More seriously, I run 33 x 11/36 on one of my bikes and, to be honest, where I live it’s mostly fine. Low enough to get up most things, slightly under-geared on road descents, but I can live with that, so I guess I could fit a 40 on the back and then increase the size of the chainring which would give me a similarly lowest gear, but a higher top.
Or I could stick with the 33 chain-ring and have a lower bottom gear, which I probably don’t need. But in either case I end up with a biggish jump somewhere in the middle of the cassette.
I don’t think I need a lower gear anyway – maybe if I lived somewhere hillier than the Peak – and I’m quite a normal, regular kind of rider and if I did live somewhere with really steep climbs, I’d probably just have a triple or double anyway.
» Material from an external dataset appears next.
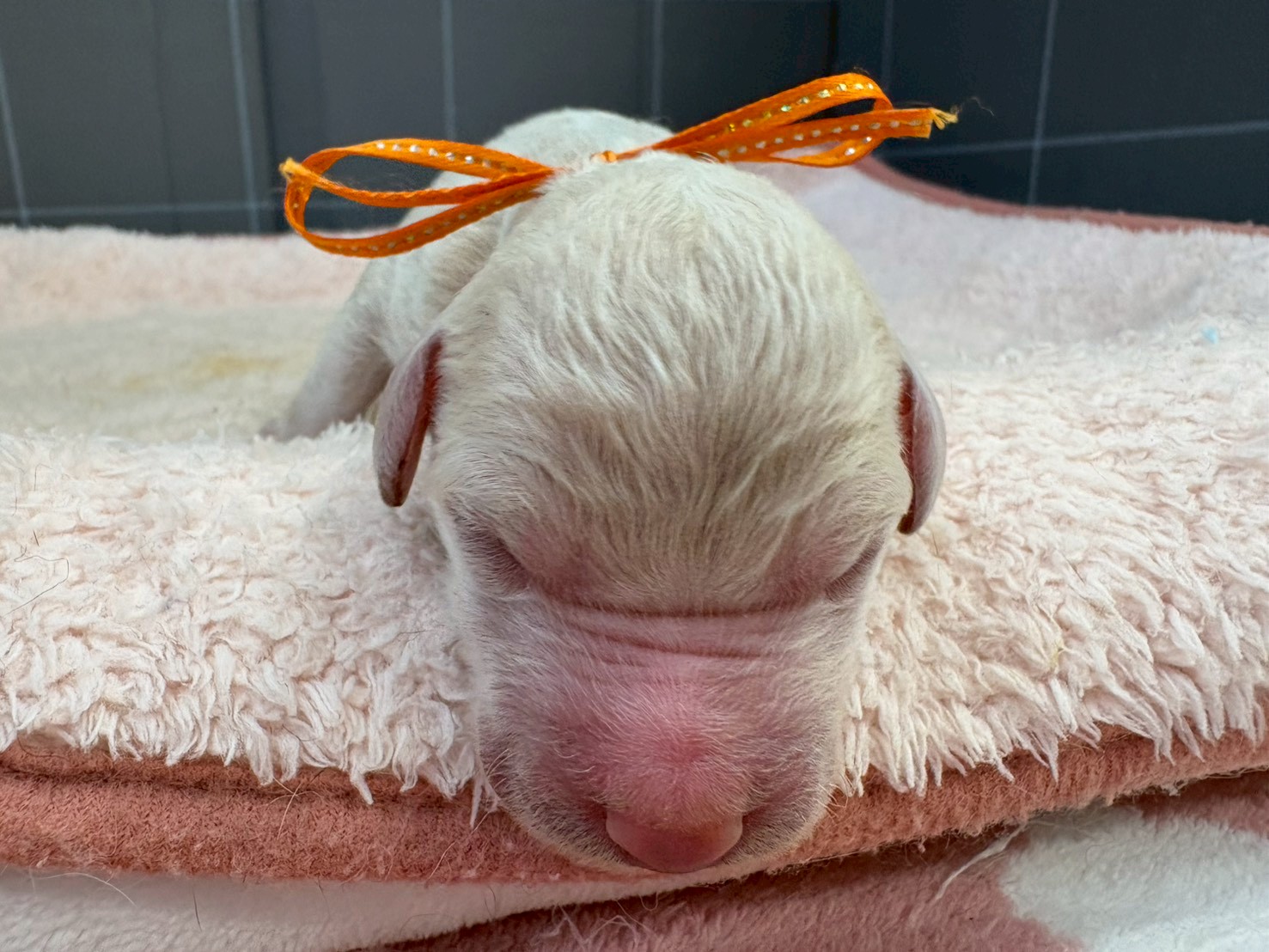 スタンダードプードル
I guess the bottom line for me is that:
1. I’m not sure why you’d need either a lower gear or a wider spread of gears, off road at least.
2. It’s not like like having a single front ring is so astonishingly brilliant that I wouldn’t just put up with a few hundred grammes of extra weight and simply fit a front mech, shifter and another chain ring or two.
I’m amused that people seem furious over the whole wheel size thing, but SRAM’s extortionately priced 1×11 system and the aftermarket’s attempts to replicate the range with a 10-speed cassette, also at highish prices – add in those wide/narrow rings too, seems to fly completely under the radar.
Why’s SRAM’s stuff in the area so expensive? A cynic might think that if it were affordable, it would mean selling fewer cranks, chainrings and shifters, so the price is artificially inflated to keep things nicely profitable.